Origins of the Shadow archetype

Our culture can urge us to exhile part of our self

ATTEMPT TO REPRESS THE SHADOW
ROBS US OF VALUABLE INSIGHT

“Thought of the Week” for June 28, 1999

All literature…can be thought of as creations by the “dark side” to enable it to rise up from earth and join the sunlit consciousness again. Many ancient religious, especially those of the matriarchies, evidentially moved so as to bring the dark side up into the personality slowly and steadily. The movement started early in a person’s life and, in the Mysteries at least, lasted for twenty to thirty years. Christianity, as many observers have noticed, has acted historically to polarize the “dark personality” and the “light personality.” Christian ethics usually involves the suppression of the dark one. As the consequences of this suppression become severe, century after century, we reach at last the state in which the psyche is split, and the two sides cannot find each other. We have “The Strange Story of Dr. Jekyll and Mr. Hyde.” …

How did the two persons get separated? Evidentially we spend the first twenty or twenty-five years of life deciding what should be pushed down into the shadow self, and the next forty years trying to get in touch with that material again. Cultures vary a lot in what they urge their members to exile. In general we can say that “the shadow” represents all that is instinctive in us. Whatever has a tail and lots of hair is in the shadow. …

Most of our literature describes efforts the shadow makes to rise, and efforts that fail. Ahab fails; it isn’t clear why; he has a strong connection with the “old ethic” through the rhetoric of the Hebrew prophets. Dimmesdale’s shadow fails. Apparently his fear of women blocks his own shadow from rising. I prefer to use the term “shadow,” rather than “evil,” in talking of literature, because “evil” permanently places the energy out there, as a part of some powerful being other than ourselves. “Shadow” is clumsy, but it makes it clear that these energies are inside of us.

Robert Bly. (1998). The Little Book on the Human Shadow. New York: HarperOne (pages 63-65)

Comment:

by Reg Harris

Copyright © 1999 by Reg Harris. All rights reserved. Updated October, 2007. All rights reserved.

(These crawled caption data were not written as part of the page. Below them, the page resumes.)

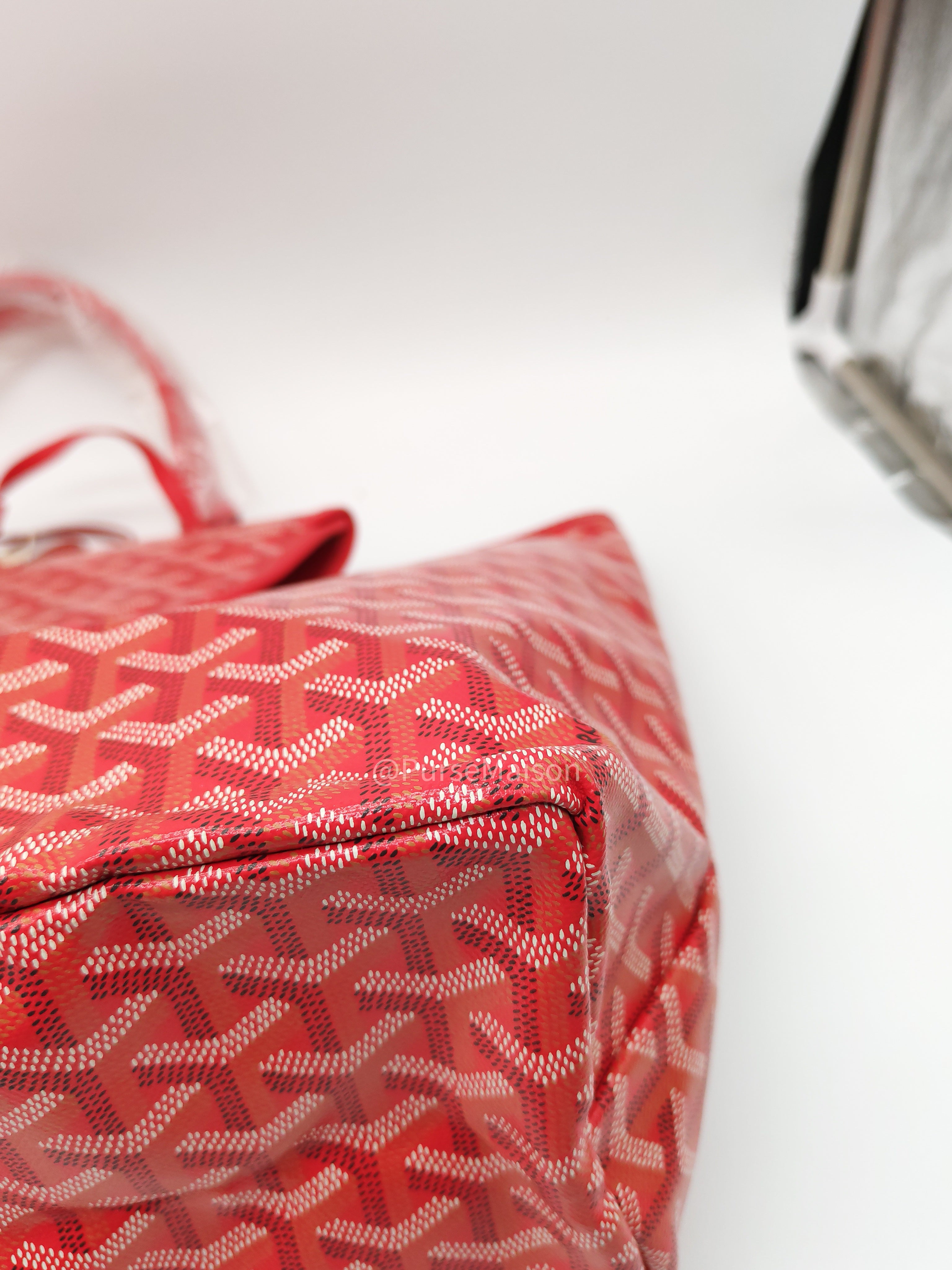 Goyard Saint Louis PM Tote Bag in Red Goyardine Canvas with Sunflower & Dog Hand-Painted Marquage (Limited Edition)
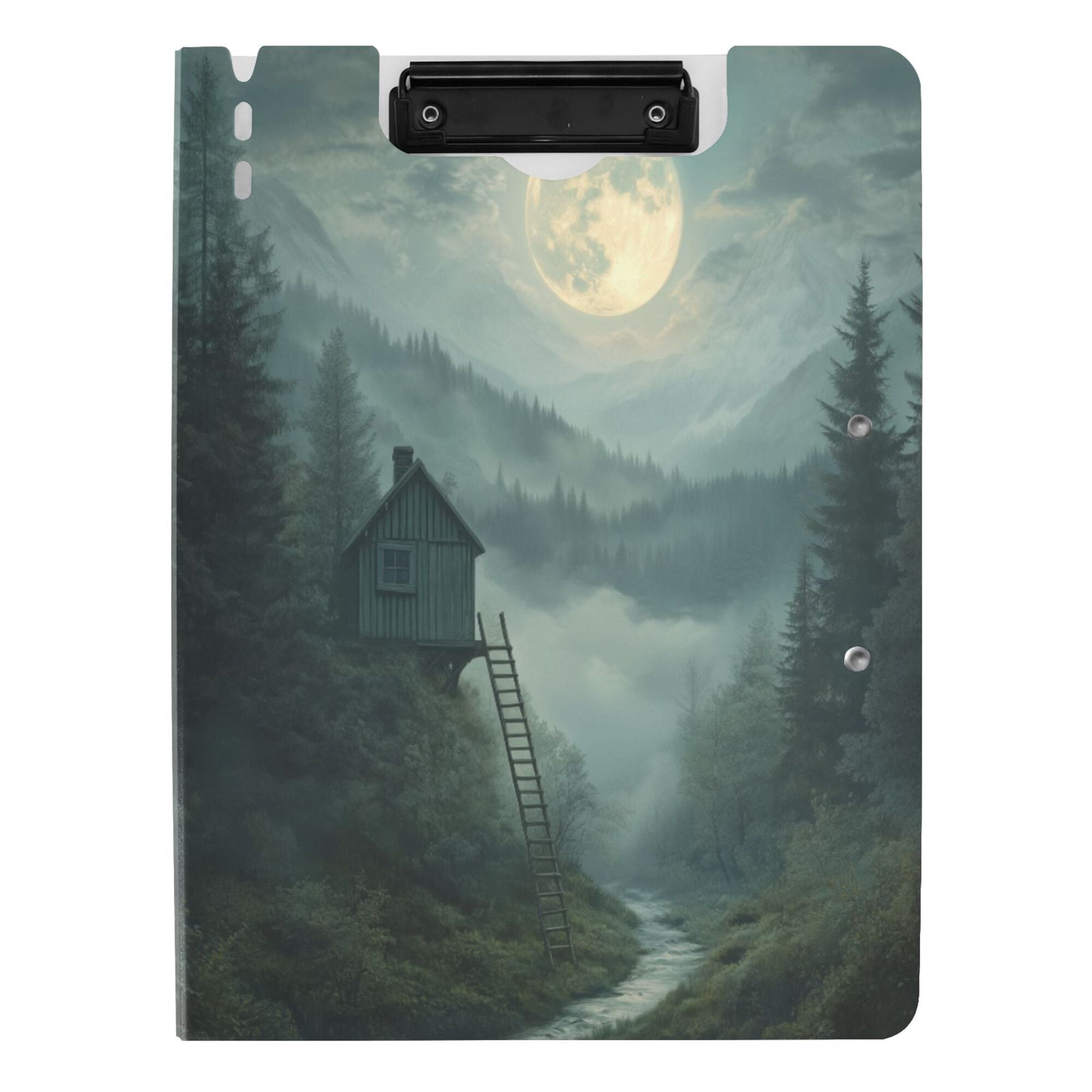 FORMRS A4 Clipboard Folder with Pen Holder Horizontal Foldable School Office Binder, Forest House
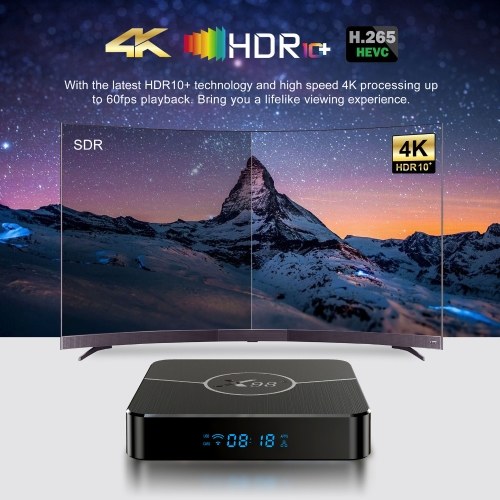 X98 Plus Android 11.0 Smart TV Box Amlogic S905W2 UHD 4K Lecteur multimédia 2.4G/5G WiFi bi-bande BT AV1 VP9 H.265 Décodage Affichage numérique Télécommande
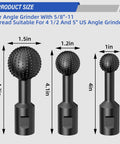 Three sphere carbide burrs with 5/8-11 threads for angle grinders; ball diameters 1.5 in, 1.2 in and 1 in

Apart from properly cited quotes and short excerpts, no part of this article can be copied or used in any form without written permission from the author. For permission to use, please contact me.

What Bly is discussing here is Jung’s archetype of the unconscious, the “Shadow.” The Shadow, which is created in our youth, is constituted of those energies, drives, desires and emotions which, when expressed, bring us pain, embarrassment or disapproval. As Connie Zweig, Ph. D. and Steve Wolf, Ph.D. describe in Romancing the Shadow.

Each shadow figure or character…has a story to tell with a similar plot line: At a young age, our full range of aliveness, feeling, and dependency was too much for our caretakers to bear. Unknowingly, they betrayed our young souls again and again, inflicting the wounds of neglect, intrusion, cruelty, and shame. To survive this wounding environment, as children we made a Faustian bargain, concealing the unacceptable parts of ourselves in the shadow and presenting only the acceptable parts (or ego) to the world. In an ongoing, subtle series of feedback loops with parents, teachers, clergy, and friends, we learned, over and over, how to present ourselves in an attempt to feel safe, accepted, and loves. In this way, ego and shadow are inevitably created in tandem within us all. (p. 45-46)

As Bly said, we form the shadow in our youth and then spend the rest of our lives trying to reclaim the energies which we have repressed or rejected. This, I feel, is one of the great Heroic Journeys of adulthood: reclaiming the rejected parts of our psyche so that we can once again become a whole person. This struggle is depicted in some way in virtually all literature and film. Either we see the struggle to discover the shadow, a process which we can never do “consciously,” or we see the shadow grow so strong that it overpowers the ego, or we see the continued repression of the shadow until we kind of implode.

One need only think of some of the great pieces of literature to see the metaphorical exploration of the shadow. Bly mentions one of my personal favorites, Joseph Conrad, as “a great master of shadow literature.” Think, for example, of Heart of Darkness and Kurtz. Other “shadow literature” could include Death of a Salesman, The Scarlet Letter, Hemingway short stories, and most of Shakespeare.

If you would like to learn more about the shadow, I would suggest the two books I have already mentioned (The Little book on the Human Shadow and Romancing the Shadow), or read Jung’s own words in a work like The Portable Jung, edited and with and introduction by Joseph Campbell.

The more one understand Jung’s model of the psyche, the more one realizes that it is an excellent model for the Heroic Journey.